Problem details:
For this exercise, reproduce the entries below exactly, but only from the line containing "Gucci Ophidia GG" through the line containing "vidaXL Pat de", both included.

Data shown:

★ ★ ★ ★

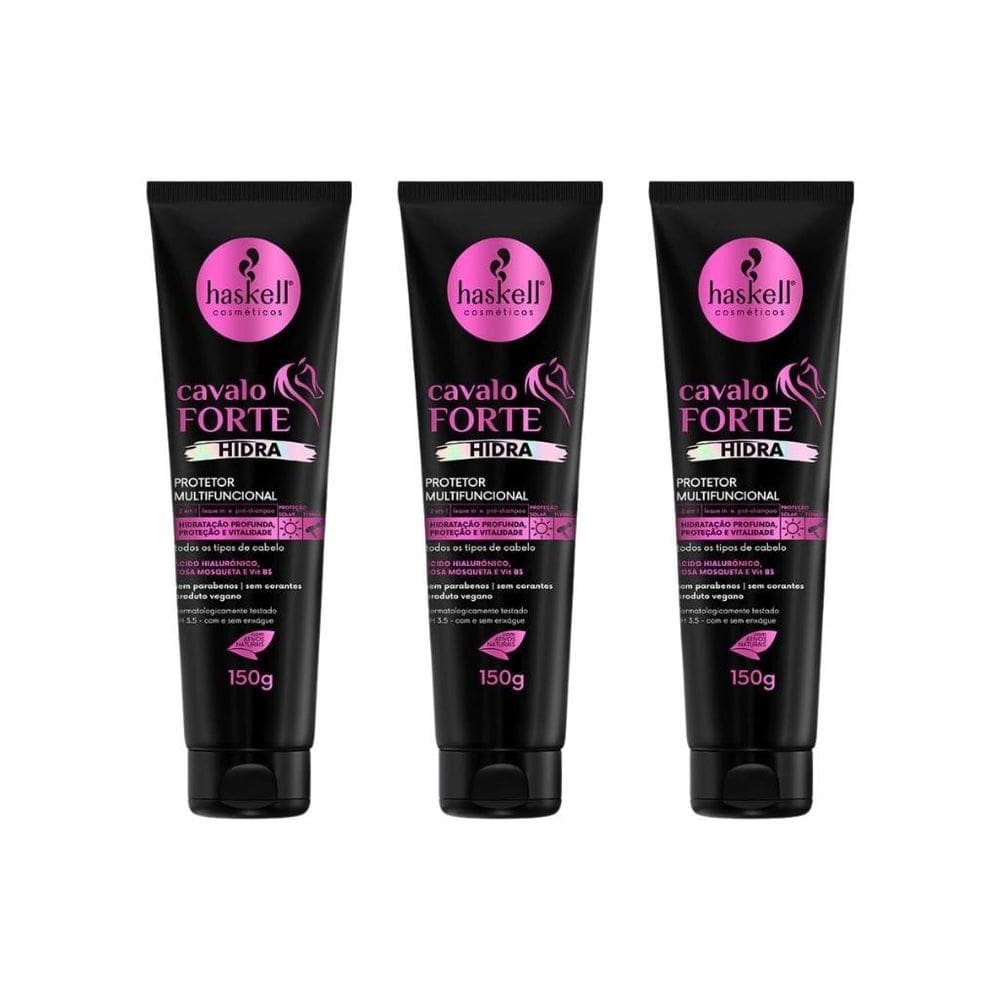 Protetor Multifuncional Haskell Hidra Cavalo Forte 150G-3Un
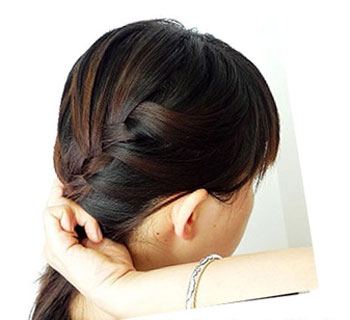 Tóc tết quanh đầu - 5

★ ★ ★ ★

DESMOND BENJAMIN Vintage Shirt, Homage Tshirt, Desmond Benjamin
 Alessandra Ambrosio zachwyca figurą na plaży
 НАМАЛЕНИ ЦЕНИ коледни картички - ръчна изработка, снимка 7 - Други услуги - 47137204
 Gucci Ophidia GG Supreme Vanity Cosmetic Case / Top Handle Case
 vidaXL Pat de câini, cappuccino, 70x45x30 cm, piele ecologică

★ ★ ★ ★

Your solution:
 Gucci Ophidia GG Supreme Vanity Cosmetic Case / Top Handle Case
 vidaXL Pat de câini, cappuccino, 70x45x30 cm, piele ecologică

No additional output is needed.